Justice Neil M. Gorsuch and Chief Justice John G. Roberts Jr. joined the court’s liberals in the 6 to 3 ruling. They said Title VII of the Civil Rights Act of 1964, which prohibits discrimination “because of sex,” includes LGBTQ employees.

“Today, we must decide whether an employer can fire someone simply for being homosexual or transgender. The answer is clear,” Gorsuch wrote. “An employer who fires an individual for being homosexual or transgender fires that person for traits or actions it would not have questioned in members of a different sex. Sex plays a necessary and undisguisable role in the decision, exactly what Title VII forbids.”

For 50 years, courts read that to mean only that women could not be treated worse than men, and vice versa, not that discrimination on the basis of sex included LGBTQ individuals.

The court combined two cases to consider whether gay workers are protected under the law. Gerald Bostock claimed he was fired from his job as a social worker in Clayton County, Ga., after he became more open about being gay, including joining a gay softball league. Donald Zarda said he was fired as a skydiving instructor after joking with a female client to whom he was strapped for a tandem dive that he was gay. (Zarda died in 2014.)

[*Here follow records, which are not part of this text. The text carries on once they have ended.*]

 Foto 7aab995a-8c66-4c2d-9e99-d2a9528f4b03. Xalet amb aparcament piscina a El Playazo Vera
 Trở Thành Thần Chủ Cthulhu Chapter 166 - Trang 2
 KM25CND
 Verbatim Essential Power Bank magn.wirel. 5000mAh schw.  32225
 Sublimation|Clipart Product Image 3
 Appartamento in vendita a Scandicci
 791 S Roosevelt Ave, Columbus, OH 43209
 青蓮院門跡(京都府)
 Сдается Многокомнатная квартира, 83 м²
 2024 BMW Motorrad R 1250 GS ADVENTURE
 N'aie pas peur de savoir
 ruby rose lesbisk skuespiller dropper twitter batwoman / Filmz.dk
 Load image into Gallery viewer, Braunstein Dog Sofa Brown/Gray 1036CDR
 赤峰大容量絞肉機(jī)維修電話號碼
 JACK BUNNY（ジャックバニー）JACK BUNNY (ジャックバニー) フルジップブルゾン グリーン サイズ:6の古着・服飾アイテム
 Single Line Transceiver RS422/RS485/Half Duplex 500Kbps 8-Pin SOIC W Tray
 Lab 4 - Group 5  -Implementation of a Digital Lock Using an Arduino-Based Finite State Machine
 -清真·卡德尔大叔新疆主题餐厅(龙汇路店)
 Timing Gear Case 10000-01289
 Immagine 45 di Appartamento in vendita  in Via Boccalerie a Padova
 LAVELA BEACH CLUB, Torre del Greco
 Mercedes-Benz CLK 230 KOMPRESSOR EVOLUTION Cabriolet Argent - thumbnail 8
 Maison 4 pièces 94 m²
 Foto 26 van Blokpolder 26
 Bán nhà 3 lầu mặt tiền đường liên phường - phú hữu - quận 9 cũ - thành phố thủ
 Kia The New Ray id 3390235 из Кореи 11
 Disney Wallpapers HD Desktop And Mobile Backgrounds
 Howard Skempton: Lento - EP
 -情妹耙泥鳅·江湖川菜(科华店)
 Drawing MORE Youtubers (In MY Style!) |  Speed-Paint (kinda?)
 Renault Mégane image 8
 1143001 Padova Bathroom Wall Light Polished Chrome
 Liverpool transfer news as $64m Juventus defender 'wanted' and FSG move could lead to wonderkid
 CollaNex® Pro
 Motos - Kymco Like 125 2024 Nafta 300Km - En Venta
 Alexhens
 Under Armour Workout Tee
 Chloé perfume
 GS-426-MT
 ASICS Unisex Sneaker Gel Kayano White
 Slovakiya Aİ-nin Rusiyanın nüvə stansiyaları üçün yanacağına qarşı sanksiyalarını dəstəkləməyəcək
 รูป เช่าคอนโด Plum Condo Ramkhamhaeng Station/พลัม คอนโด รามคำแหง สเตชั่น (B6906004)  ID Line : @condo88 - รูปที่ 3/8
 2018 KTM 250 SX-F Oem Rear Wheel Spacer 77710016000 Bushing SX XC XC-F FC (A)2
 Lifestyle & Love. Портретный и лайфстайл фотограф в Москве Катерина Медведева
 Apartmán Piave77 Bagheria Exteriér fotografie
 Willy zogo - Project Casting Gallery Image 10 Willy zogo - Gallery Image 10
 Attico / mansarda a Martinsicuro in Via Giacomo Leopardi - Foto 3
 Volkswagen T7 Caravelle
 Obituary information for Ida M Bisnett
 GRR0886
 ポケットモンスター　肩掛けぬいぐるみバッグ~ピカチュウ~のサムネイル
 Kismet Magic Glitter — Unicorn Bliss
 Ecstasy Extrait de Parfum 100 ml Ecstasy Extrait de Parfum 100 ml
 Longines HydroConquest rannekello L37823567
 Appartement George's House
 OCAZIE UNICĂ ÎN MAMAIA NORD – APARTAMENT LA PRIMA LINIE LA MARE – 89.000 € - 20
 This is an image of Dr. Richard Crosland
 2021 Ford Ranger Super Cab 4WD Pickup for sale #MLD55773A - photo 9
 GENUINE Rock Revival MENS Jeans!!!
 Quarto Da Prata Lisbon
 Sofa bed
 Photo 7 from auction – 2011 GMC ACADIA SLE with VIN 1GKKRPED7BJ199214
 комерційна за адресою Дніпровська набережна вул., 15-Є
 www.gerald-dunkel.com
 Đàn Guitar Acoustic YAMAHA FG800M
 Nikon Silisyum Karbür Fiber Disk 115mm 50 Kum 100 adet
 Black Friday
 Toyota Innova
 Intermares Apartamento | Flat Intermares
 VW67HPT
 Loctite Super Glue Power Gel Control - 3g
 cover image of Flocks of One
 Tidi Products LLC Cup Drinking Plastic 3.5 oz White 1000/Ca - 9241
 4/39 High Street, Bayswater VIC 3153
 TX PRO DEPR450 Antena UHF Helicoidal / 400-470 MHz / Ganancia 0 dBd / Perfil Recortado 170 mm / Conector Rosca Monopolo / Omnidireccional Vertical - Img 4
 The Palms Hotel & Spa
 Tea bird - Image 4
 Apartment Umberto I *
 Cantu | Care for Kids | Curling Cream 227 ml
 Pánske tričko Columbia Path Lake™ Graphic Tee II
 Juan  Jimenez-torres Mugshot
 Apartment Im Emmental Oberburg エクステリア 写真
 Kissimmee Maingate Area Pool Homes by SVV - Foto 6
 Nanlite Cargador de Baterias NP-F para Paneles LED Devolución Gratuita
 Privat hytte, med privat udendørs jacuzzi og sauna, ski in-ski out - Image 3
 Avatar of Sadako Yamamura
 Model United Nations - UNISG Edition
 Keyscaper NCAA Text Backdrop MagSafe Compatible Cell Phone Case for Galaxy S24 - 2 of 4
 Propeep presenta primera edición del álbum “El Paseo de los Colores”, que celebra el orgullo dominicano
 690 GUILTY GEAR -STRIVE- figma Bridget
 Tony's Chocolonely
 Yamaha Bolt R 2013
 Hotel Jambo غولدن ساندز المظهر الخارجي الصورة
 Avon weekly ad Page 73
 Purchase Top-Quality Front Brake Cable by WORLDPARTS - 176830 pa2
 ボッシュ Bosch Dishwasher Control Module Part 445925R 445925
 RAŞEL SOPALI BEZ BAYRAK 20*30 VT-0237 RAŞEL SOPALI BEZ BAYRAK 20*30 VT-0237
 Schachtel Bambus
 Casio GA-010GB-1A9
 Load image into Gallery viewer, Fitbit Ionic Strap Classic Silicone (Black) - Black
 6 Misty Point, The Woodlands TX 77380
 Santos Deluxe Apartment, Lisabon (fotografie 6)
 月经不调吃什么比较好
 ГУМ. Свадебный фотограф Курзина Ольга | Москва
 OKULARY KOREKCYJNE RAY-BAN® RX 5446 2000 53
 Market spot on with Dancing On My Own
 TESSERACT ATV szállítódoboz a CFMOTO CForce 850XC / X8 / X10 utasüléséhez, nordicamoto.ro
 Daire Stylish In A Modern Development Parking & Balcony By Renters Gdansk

The transgender case was brought by Aimee Stephens, who worked for years at a Michigan funeral home before being fired after informing the owners and colleagues of her gender transition. Stephens died of kidney failure in May, after seeing her case argued at the Supreme Court in October.

The cases were the first the court heard since the retirement of Justice Anthony M. Kennedy. He had written the majority opinion in all of the court’s major cases that advanced gay rights, including the 2015 decision that said gay couples had the constitutional right to marry.

The issue was one of the most consequential of the term. More than 70 friend-of-the-court briefs were filed, dividing states, religious orders and members of Congress. More than 200 of the nation’s largest employers are supporting the workers.

The Trump administration sided with the employers, a position that put it at odds with the Equal Employment Opportunity Commission, which decided in 2015 that gay and transgender individuals were federally protected.

Treating a man who is attracted to men differently from a woman who is attracted to men is discrimination, the EEOC reasoned.

The commission also looked at a 1989 Supreme Court decision that said federal law protected against discrimination based on stereotypes; the court found for a woman who had not been promoted because her employers found her too aggressive and her manner of dress not feminine enough.

That is analogous to discriminating against a transgender individual for not conforming to norms expected of a gender, the commission said. Discrimination because of sexual orientation is the same thing, the EEOC said, because it relies on stereotypes about to whom men and women should be attracted.

Most courts of appeals had come to agree with the EEOC, even when they had not done so in the past.

The full U.S. Court of Appeals for the 2nd Circuit ruled for Zarda, and said its contrary past decisions on the issue were wrong.

Chief Judge Robert A. Katzmann wrote that “sexual orientation discrimination is motivated, at least in part, by sex and is thus a subset of sex discrimination.” (Zarda’s case is being carried forward by his sister and partner.)

The U.S. Court of Appeals for the 6th Circuit came to a similar conclusion in Stephens’s case. The panel found it “analytically impossible to fire an employee based on that employee’s status as a transgender person without being motivated, at least in part, by the employee’s sex.”

But in Bostock’s case, the U.S. Court of Appeals for the 11th Circuit went the other way, ruling for Clayton County, a suburb south of Atlanta, that Title VII did not protect on the basis of sexual orientation.

Gay rights leaders say “married on Sunday, fired on Monday” is a possibility in more than half of the United States, where there is no specific protection for gay or transgender workers. The states that prohibit discrimination are not uniform — some protect only gender identity or transgender status, and some differentiate between public and private employment.

Since the case was argued, Virginia became the most recent state to extend protection on its own.

The sexual orientation cases are Bostock v. Clayton County, Ga. and Altitude Express v. Zarda. The other case is R.G. & G.R. Harris Funeral Homes v. EEOC.